Records drawn from a dataset:
————————

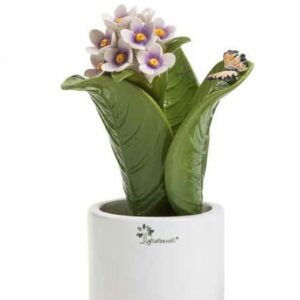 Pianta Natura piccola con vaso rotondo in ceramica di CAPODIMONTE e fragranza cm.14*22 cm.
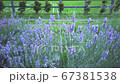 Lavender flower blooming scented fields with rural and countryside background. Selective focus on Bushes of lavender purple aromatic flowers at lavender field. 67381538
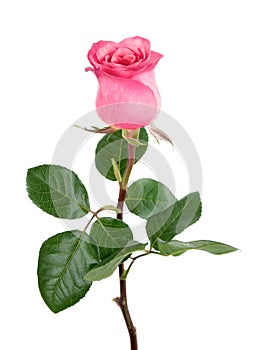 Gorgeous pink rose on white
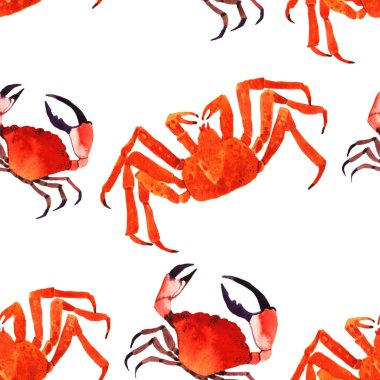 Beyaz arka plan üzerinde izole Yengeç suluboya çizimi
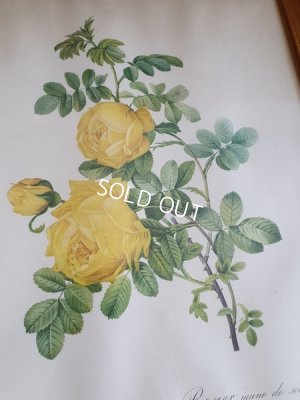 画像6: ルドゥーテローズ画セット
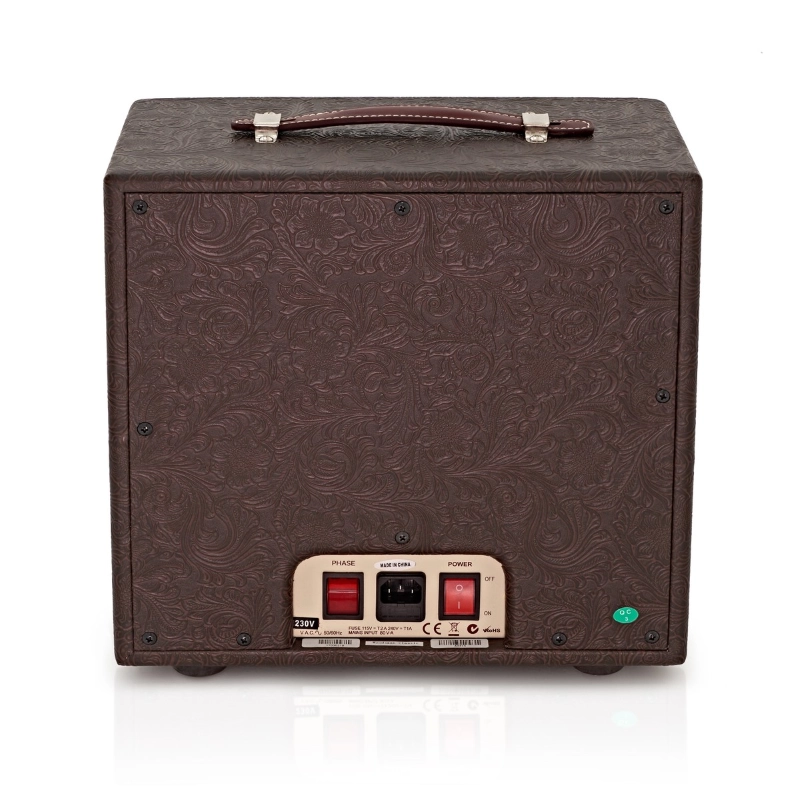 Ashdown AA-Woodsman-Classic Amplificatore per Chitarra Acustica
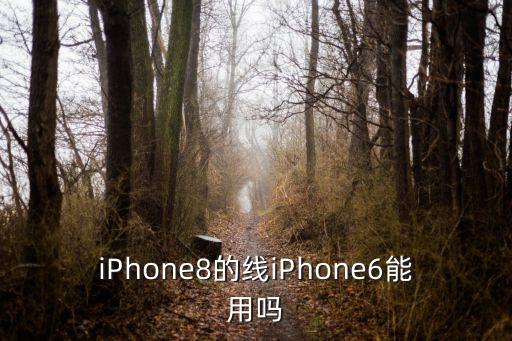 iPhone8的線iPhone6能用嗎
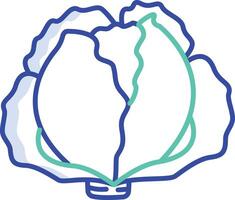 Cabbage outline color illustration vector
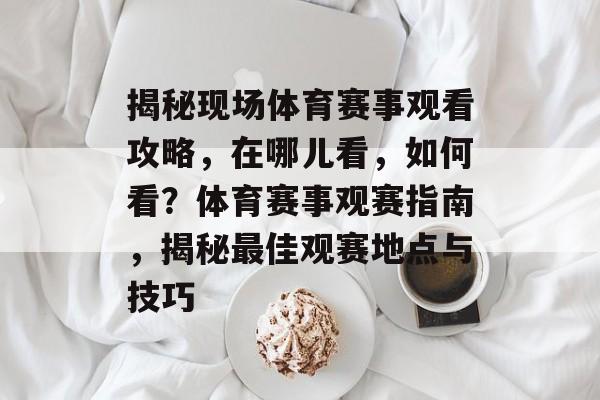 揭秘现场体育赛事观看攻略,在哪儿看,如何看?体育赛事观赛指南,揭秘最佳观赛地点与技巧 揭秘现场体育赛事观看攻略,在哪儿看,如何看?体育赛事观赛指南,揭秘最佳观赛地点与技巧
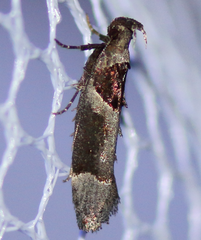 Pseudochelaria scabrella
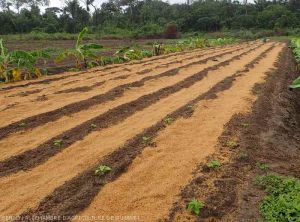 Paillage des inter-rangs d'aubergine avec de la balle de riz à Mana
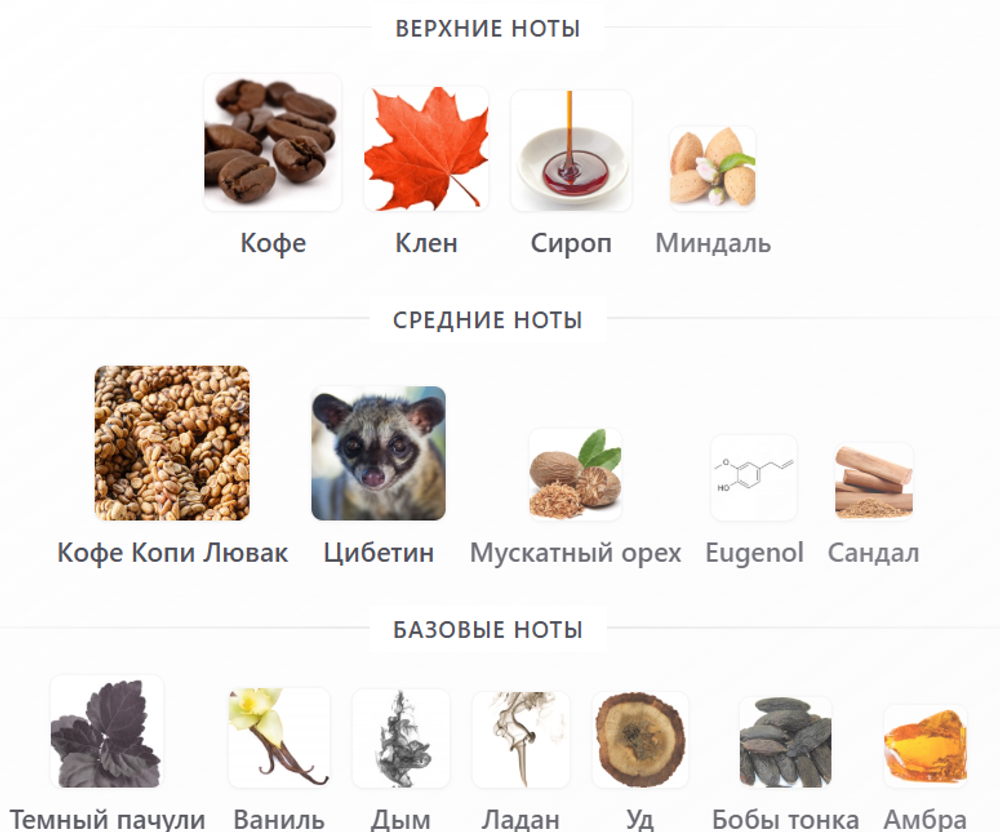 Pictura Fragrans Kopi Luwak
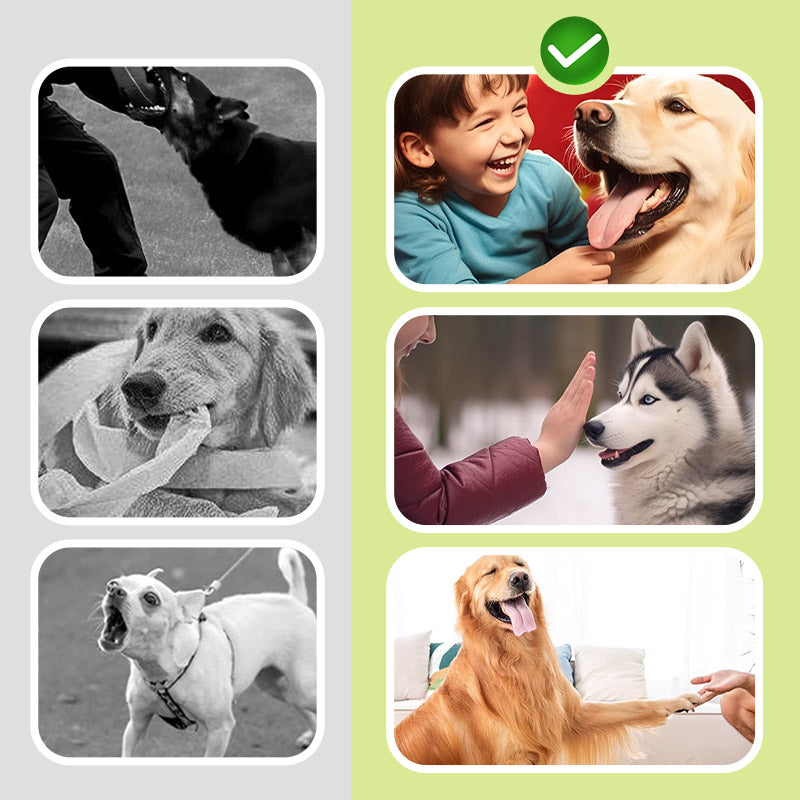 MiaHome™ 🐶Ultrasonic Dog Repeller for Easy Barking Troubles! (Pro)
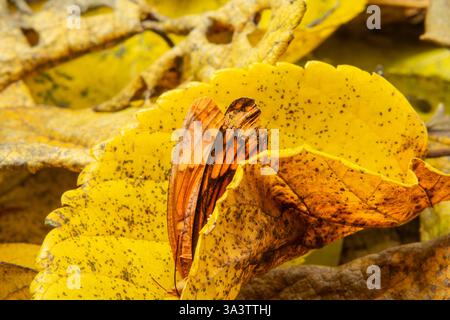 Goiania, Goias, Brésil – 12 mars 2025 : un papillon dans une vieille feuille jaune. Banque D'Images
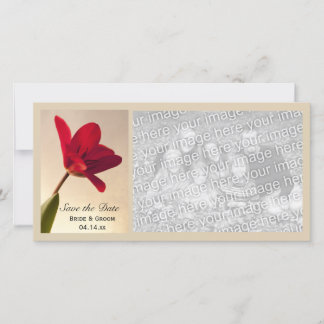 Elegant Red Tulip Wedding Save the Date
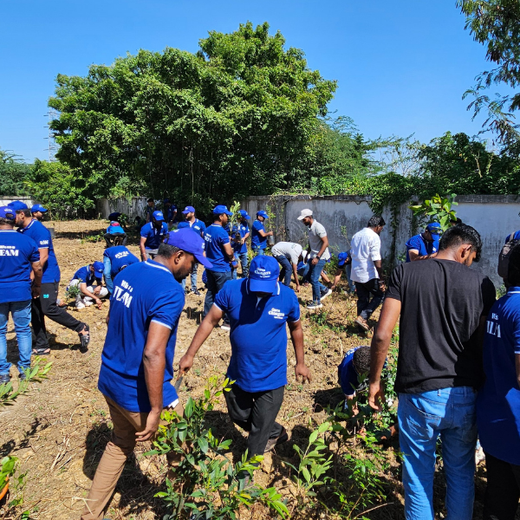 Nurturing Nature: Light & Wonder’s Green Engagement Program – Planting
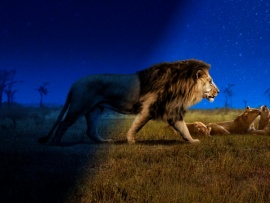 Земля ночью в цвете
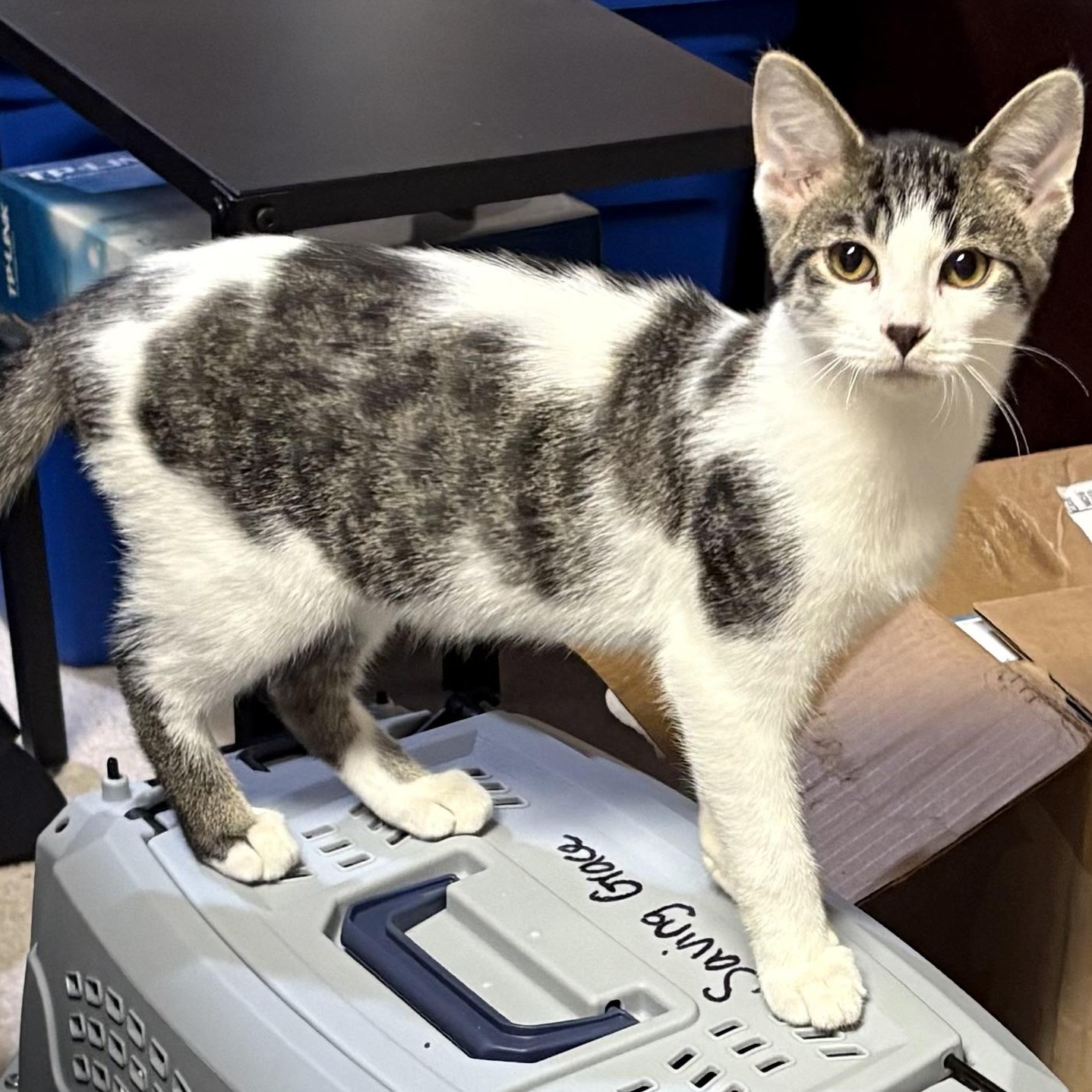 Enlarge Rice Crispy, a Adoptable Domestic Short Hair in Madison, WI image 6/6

————————

--- What to work on ---
Working from the entries above, reproduce exactly and only the lines beginning with the line that has "Gorgeous pink rose on white" and ending with the line that has "Pseudochelaria scabrella"; omit all pictures.

--- Task solution ---
 Gorgeous pink rose on white
 Beyaz arka plan üzerinde izole Yengeç suluboya çizimi
 画像6: ルドゥーテローズ画セット
 Ashdown AA-Woodsman-Classic Amplificatore per Chitarra Acustica
 iPhone8的線iPhone6能用嗎
 Cabbage outline color illustration vector
 揭秘现场体育赛事观看攻略,在哪儿看,如何看?体育赛事观赛指南,揭秘最佳观赛地点与技巧 揭秘现场体育赛事观看攻略,在哪儿看,如何看?体育赛事观赛指南,揭秘最佳观赛地点与技巧
 Pseudochelaria scabrella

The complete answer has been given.